Manufacturers may be able to pop out a new phone every couple of months like its easy as pie, but only because of the efforts of major chip companies like Intel. Many may not realize the obstacles that must be overcome in order to bring about that Note 4 or iPhone 6. Intel’s new 14 nm(nanometer) technology had to overcome the same obstacles as many before it. The main problems usually tend to center around power and space. Just so that it is understood, a nanometer is about how much a human nail grows per second, and a piece of paper is about 100,000 nm thick in comparison. While the understanding of what exactly this measurement refers to in relation to a microchip has been a bit blurred over the last few years, clarification is still possible. Basically, the smaller the measurement in nanometers, the more transistors can be fit on to any given chip.
Much of the smartphones and tablets in use today are using 22 to 28 nm technology. While Intel has not been involved to a very large degree in creating chips specifically for mobile technology in the past, following this small change to 14 nm technology, the tech giant could start to be seen far more often as the immense impact is felt around the technological world. This new technology draws half the power of current standard chips, not to mention half the space as well. This means that far more technology will be made available to each handset, tablet or other mobile device. Many flagship phones today run on quad-core processors, it is possible however that octa-core processors could become the new norm. This new technology is not simply limited to the mobile world however. Data servers, home desktops, Ultrabooks and many of the upcoming IoT (Internet of Things) technologies will no doubt be running on this new standard as well.
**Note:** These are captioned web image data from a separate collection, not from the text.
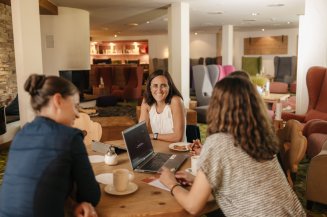 Drei Frauen bei einer Besprechung in der Lounge des Hotel Oberstdorf Im Tagungshotel Oberstdorf treffen moderne Ausstattung und inspirierende Umgebung aufeinander. Perfekt für Tagungen, Workshops und Seminare, die effektives Arbeiten mit Wohlfühlatmosphäre verbinden.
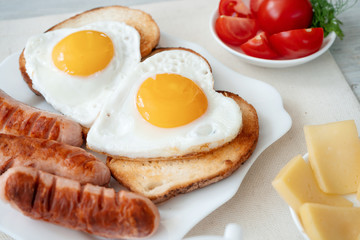 Breakfast with love - fried eggs in the shape of a heart, fried sausages and coffee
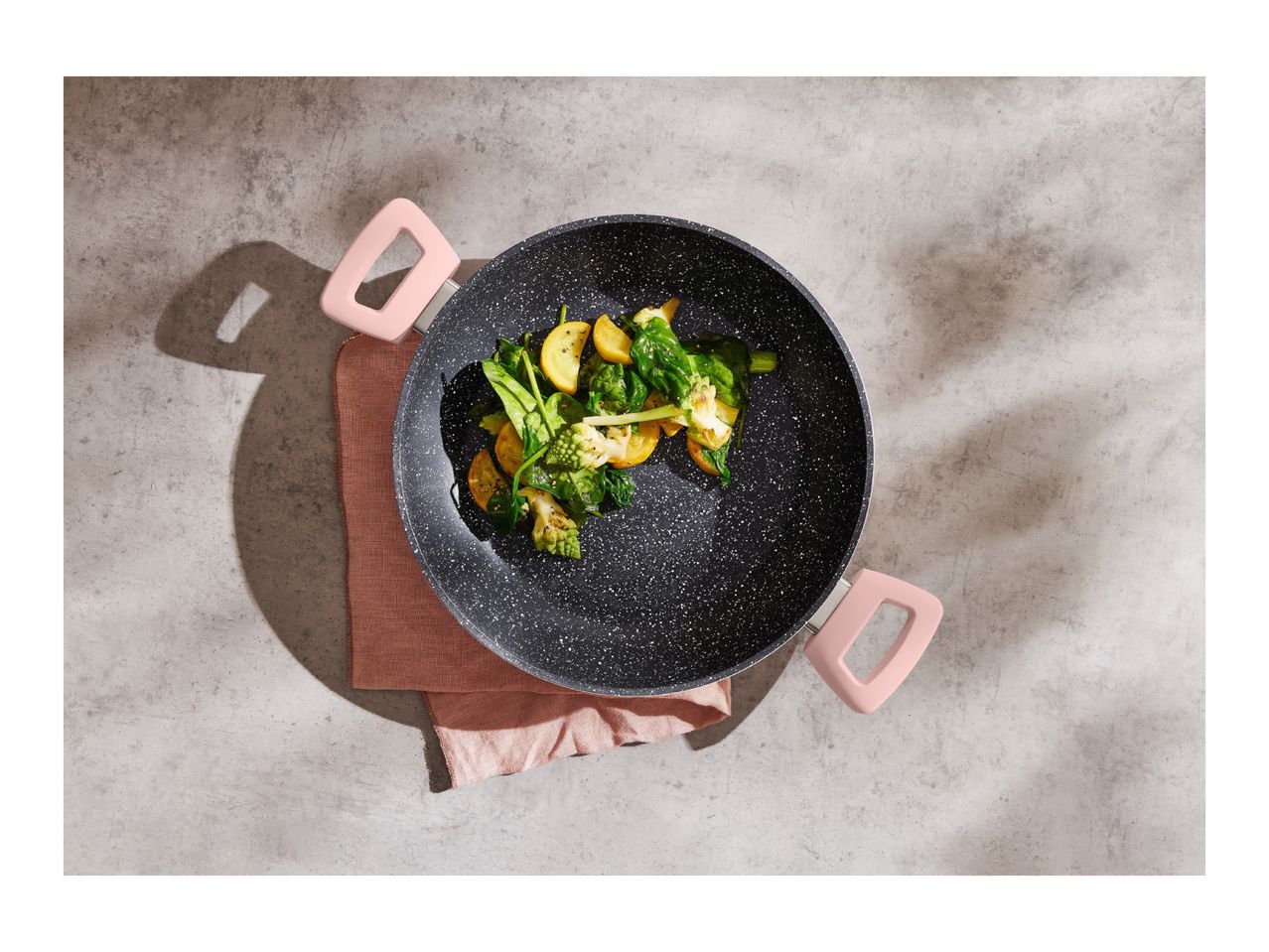 Overhead shot of a black speckled pan with pink handles, filled with cooked vegetables.
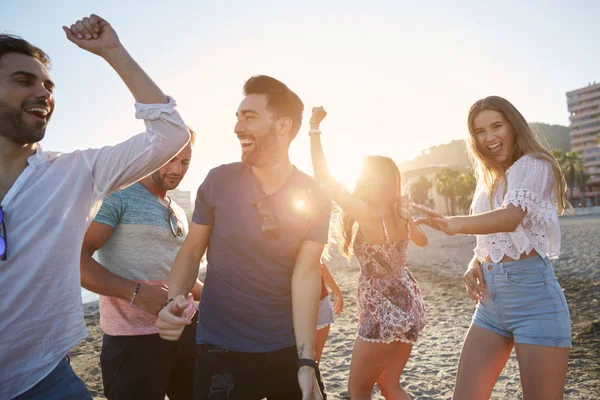 Mujeres jóvenes bailando con sus novios en la playa — Foto de Stock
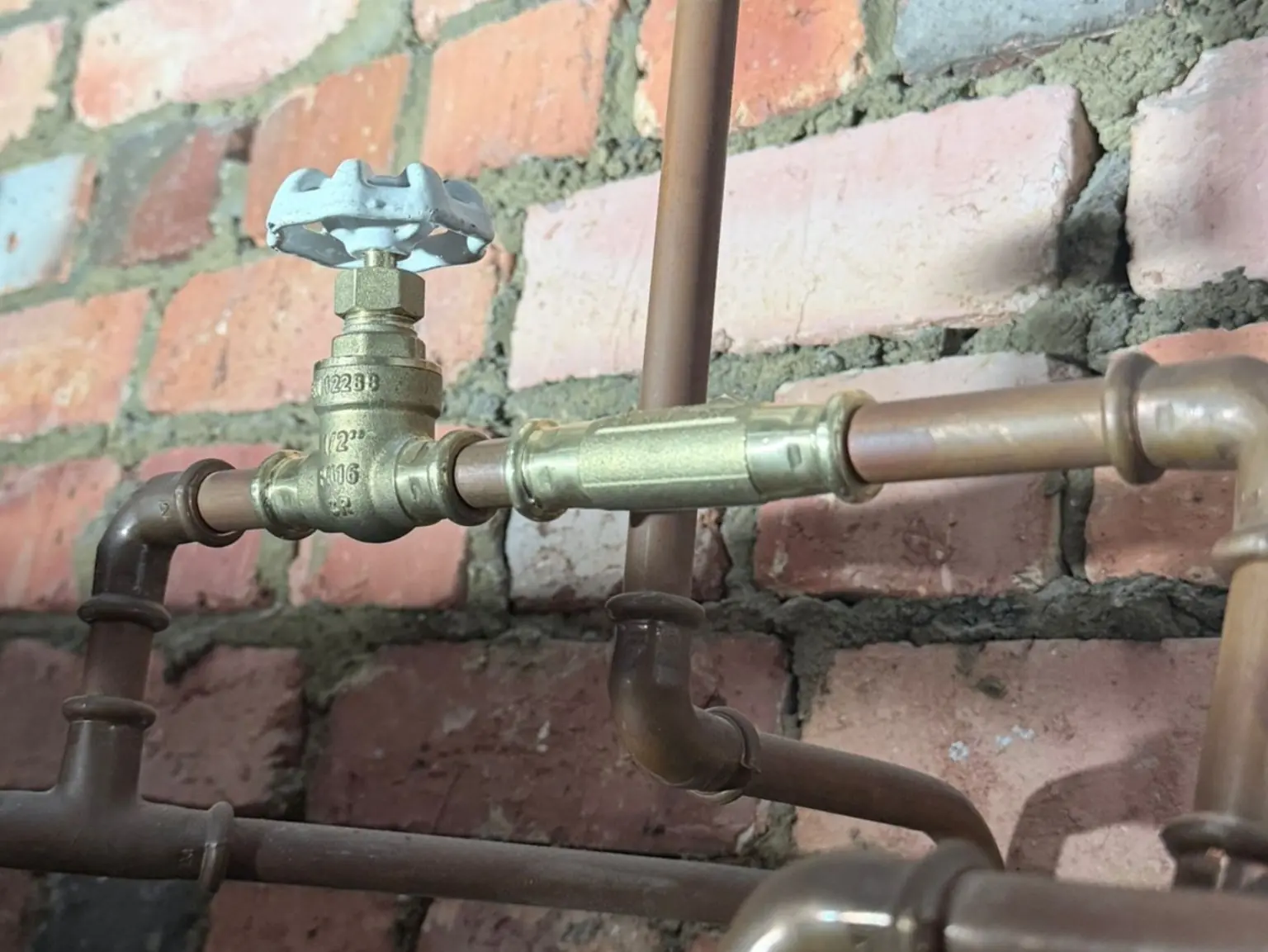 Water heater valve and pipe fitting installation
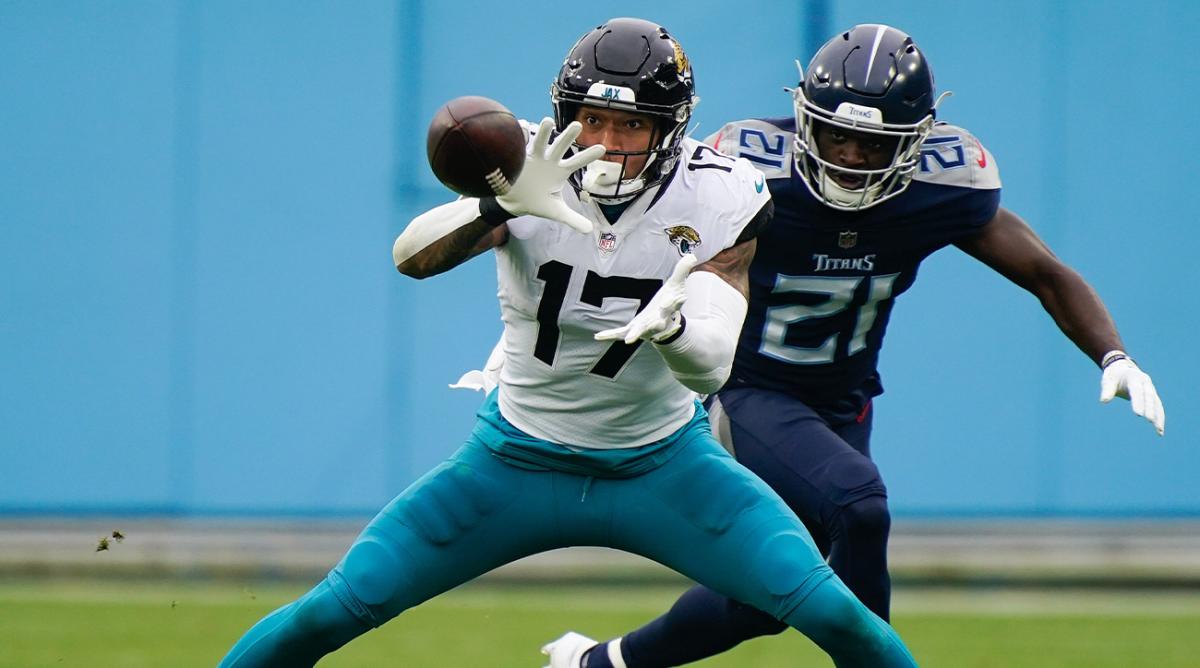 Dec 11, 2022; Nashville, Tennessee, USA; Jacksonville Jaguars tight end Evan Engram (17) pulls in a first down catch while defended by Tennessee Titans cornerback Roger McCreary (21) during the second quarter at Nissan Stadium.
Intel will be making this new advancement available in new devices by the end of 2014. While billions await their new phones, tablets and many other devices, it remains important that the details are known about the trials that companies like Intel go through in order to bring about the “next best thing.” So perhaps in the future consumers will be able to appreciate just what went into making the Note 5, iPhone 7, and so on. As time goes by and mankind requires even more advancement in science and technology, companies like Intel will still be there making all the precise little changes that will have a big impact.